At-risk teens find summer jobs in WoodburyThe Washington County Workforce Center offers a subsidized youth program that places 14- to 21-year-old, low-income, at-risk students in jobs around the county.
By: Riham Feshir, Woodbury Bulletin
For 16-year-old Jhane Wilson, working with children makes her happy, energetic and advances her career hopes of becoming a pediatrician.
“They just brighten my day,” the Woodbury High School junior said with a smile. “If I’m sad or something, I play with a child and they turn my world upside down.”
So when she heard about the Washington County Workforce Center Youth Program that would give her an opportunity to work a summer job at Footprints Academy, it was just a good fit for her.
“Before, I tried at fast food restaurants, but it didn’t really fit,” Wilson said. “This is a good way to spend your summer.”
The Washington County Workforce Center, located in Woodbury, offers a subsidized youth program that places 14- to 21-year-old, low-income, at-risk students in jobs around the county.
The program runs year-round, but summer brings on the most teens and young adults looking for employment and training opportunities, program coordinator Carrie Gatzke said.
Though Washington County operates the program, students are paid the minimum wage from state and federal dollars through the Workforce Investment Act and the Minnesota Youth Program.
Youths are placed in nonprofit organizations and government entities, as well as private businesses. So far this summer, out of the 45 county workers, 16 have been hired in Woodbury.
“We see a high demand for our program because youth are still finding it difficult to find employment, especially their first job,” Gatzke said. “The youth unemployment rate is much higher than the unemployment rate we hear about.”
Addressing a decline
According to the Minnesota Department of Employment and Economic Development, the population of the state’s 16- to 19-year-olds who are employed during the summer months has “sharply declined during the past 10 years, dropping 47 percent from summer 2000 to 2010.”

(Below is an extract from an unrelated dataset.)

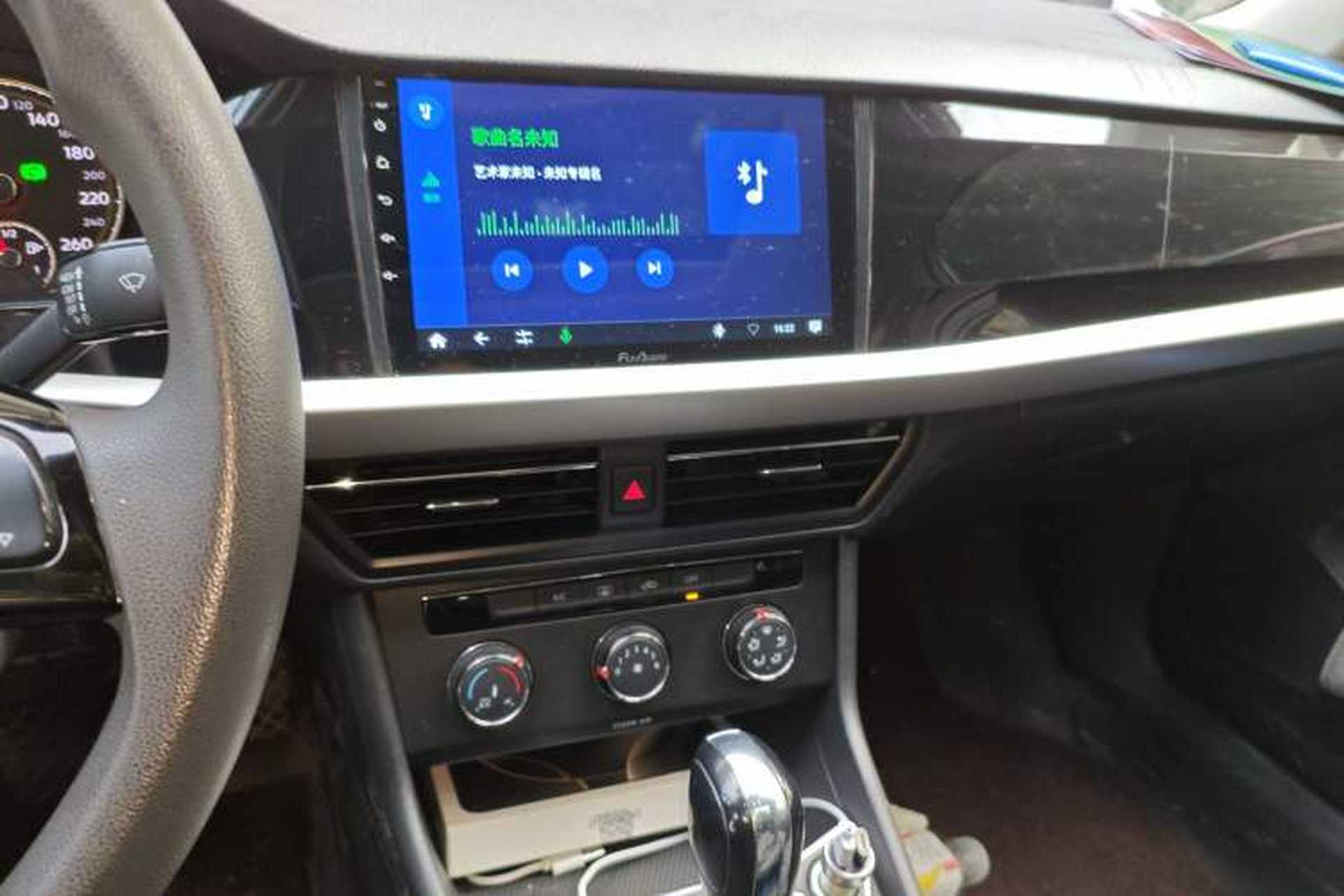 Used Volkswagen Lavida 2019 1.5L Automatic Vision Edition China VI Standard Audio And AC Panel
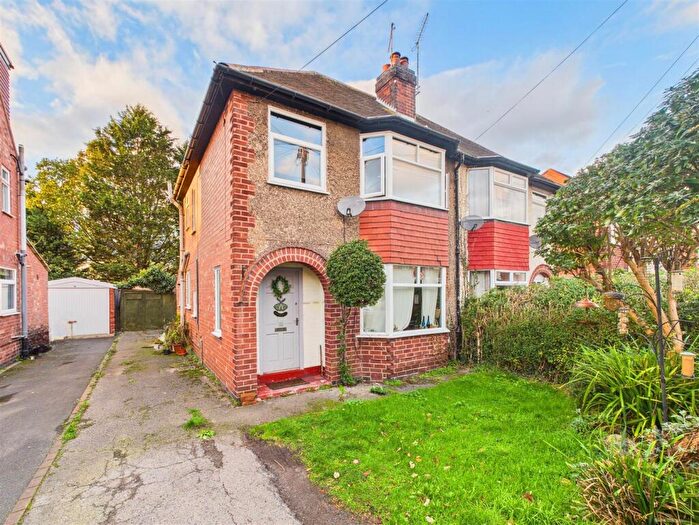 3 Bedroom Semi Detached House For Sale In Rufford Road, Ruddington, Nottingham, NG11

The Workforce Center receives hundreds of applications for the program every year, Gatzke said, but only a limited number can be accepted.
Youths must also meet income guidelines in addition to at least one of a number of risk factors like a learning disability, history of chemical dependency, homelessness and teen pregnancy.
“We serve youth who are in foster care, who have a disability, teen parents…” Gatzke said. “Even just youth who are struggling in school, maybe they’re behind in credits or behind in math or reading levels.”
The number of young workers the program is able to serve, however, is controlled by how much money the county receives every year.
In 2010, the program benefited from a large stimulus package, Gatzke said.
“We were able to serve probably triple what we serve right now,” she added. “The funding levels go up and down based on what’s going on in the federal level.”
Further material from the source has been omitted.